Varsovie exige le respect des traités et refuse de payer les astreintes imposées par la CJUE
Olivier Bault nous propose une trilogie traitant de l'actualité des conflits entre la Commission européenne, la CJUE et les États membres s'opposant au gouvernement des juges européens. Varsovie, Bucarest et Budapest sont particulièrement dans le viseur des instances bruxelloises sur cette question, alors que les décisions des juges constitutionnels français et allemands similaires à celles des cours polonaise, roumaine et hongroise ne suscitent pas de conflit. La première partie de cette trilogie est consacrée aux différends de plus en plus profonds entre la Pologne et la CJUE.
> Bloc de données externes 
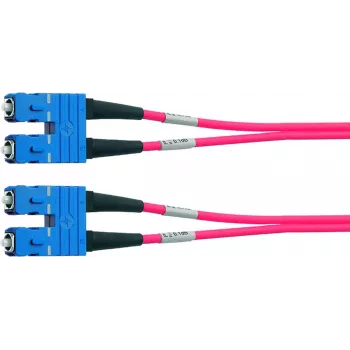 Cablu patch din fibră optică Telegärtner L00880A0028 SC la SC OM4 duplex, 1 m, violet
Les limites de la juridiction de la CJUE et des compétences des institutions européennes sont aujourd’hui en train d’être tracées avec les conflits en cours impliquant tout particulièrement trois pays et leurs cours constitutionnelles : la Pologne, la Hongrie et la Roumanie. Il s’agit là de pays bénéficiaires nets des fonds européens, et on se dit sans doute à Bruxelles qu’il sera plus facile de les faire plier que de faire reculer le Tribunal constitutionnel allemand. L’Allemagne ayant désormais un gouvernement avec un programme de coalition ouvertement eurofédéraliste, Berlin se chargera probablement de remettre de l’ordre dans son Tribunal constitutionnel qui a refusé, dans un jugement rendu en mai 2020, de reconnaître la validité en Allemagne d’une décision de la CJUE validant le programme d’achat de titres de dette souveraine par la BCE.
Les juges de Karlsruhe ont estimé que les États membres restent « maîtres des traités » et que c’est aux cours constitutionnelles nationales de contrôler les juges de Luxembourg quand ceux-ci prennent trop de libertés avec ces traités.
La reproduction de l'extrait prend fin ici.